Where the word "white" occurs in a line of the data, return the whole line.

Given records: Begin

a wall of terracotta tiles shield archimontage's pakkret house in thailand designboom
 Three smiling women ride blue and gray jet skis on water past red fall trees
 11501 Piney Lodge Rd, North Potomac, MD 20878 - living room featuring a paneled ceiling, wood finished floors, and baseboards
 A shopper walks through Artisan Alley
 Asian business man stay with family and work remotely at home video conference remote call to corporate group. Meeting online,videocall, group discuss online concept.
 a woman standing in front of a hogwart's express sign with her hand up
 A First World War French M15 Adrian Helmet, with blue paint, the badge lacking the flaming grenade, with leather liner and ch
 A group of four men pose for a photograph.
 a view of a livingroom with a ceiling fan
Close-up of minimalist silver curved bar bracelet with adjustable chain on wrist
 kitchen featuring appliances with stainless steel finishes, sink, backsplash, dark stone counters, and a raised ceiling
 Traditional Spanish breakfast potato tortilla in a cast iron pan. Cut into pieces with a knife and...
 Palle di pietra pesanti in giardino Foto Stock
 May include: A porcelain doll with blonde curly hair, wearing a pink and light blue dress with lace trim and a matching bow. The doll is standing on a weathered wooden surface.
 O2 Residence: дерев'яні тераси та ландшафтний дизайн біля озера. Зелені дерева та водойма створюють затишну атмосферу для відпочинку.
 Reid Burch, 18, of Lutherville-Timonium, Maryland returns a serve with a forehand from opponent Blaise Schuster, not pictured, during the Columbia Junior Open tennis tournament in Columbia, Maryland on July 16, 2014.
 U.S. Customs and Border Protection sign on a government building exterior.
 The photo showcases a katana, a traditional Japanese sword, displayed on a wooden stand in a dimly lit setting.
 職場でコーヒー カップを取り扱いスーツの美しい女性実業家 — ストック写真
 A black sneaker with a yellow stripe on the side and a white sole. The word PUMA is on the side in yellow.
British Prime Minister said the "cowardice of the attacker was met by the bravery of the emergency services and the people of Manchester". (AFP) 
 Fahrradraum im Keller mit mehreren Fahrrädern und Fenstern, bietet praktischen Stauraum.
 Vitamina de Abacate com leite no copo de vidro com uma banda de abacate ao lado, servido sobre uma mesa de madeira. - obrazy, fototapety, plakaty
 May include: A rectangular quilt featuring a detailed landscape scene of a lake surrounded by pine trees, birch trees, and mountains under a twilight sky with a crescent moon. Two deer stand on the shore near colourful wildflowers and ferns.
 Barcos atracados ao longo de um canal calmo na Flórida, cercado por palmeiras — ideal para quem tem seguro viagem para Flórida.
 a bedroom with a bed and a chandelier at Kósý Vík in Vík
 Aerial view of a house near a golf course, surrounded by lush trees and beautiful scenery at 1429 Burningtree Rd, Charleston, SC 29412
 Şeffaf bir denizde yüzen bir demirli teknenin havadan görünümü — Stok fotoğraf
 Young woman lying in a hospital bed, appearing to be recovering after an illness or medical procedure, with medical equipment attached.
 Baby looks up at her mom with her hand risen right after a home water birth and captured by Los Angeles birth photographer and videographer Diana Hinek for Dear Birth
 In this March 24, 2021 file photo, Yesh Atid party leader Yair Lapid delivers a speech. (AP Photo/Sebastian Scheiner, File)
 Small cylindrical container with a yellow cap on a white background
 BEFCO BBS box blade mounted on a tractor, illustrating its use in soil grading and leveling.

Given records: End

Result
 A black sneaker with a yellow stripe on the side and a white sole. The word PUMA is on the side in yellow.
 Small cylindrical container with a yellow cap on a white background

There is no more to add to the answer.